**EXERCISE DATA:**
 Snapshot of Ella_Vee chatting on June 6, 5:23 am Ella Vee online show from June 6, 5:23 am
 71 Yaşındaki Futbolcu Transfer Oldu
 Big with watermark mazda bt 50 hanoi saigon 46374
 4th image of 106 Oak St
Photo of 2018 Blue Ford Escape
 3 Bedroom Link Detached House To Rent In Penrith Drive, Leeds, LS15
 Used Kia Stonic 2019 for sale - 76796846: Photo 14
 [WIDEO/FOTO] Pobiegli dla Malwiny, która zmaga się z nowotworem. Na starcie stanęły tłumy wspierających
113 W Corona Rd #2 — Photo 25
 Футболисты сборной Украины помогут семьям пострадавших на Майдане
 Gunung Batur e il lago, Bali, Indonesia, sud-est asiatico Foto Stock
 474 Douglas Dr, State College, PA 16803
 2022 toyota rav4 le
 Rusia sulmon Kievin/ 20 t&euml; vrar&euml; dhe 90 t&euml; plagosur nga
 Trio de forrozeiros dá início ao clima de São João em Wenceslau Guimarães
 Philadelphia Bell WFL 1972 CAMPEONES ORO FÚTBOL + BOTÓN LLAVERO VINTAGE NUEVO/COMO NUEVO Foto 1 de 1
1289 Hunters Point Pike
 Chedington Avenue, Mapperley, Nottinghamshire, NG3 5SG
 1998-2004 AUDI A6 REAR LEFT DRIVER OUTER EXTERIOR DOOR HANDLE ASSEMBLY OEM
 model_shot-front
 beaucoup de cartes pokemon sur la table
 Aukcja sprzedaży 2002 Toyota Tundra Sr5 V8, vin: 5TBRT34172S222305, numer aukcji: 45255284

**WORK REQUIRED:** Produce a word-for-word copy of everything above from the line holding "[WIDEO/FOTO] Pobiegli dla" down to the line holding "Футболисты сборной Украины", with both of those lines kept.

**RESPONSE TO THE EXERCISE:**
 [WIDEO/FOTO] Pobiegli dla Malwiny, która zmaga się z nowotworem. Na starcie stanęły tłumy wspierających
113 W Corona Rd #2 — Photo 25
 Футболисты сборной Украины помогут семьям пострадавших на Майдане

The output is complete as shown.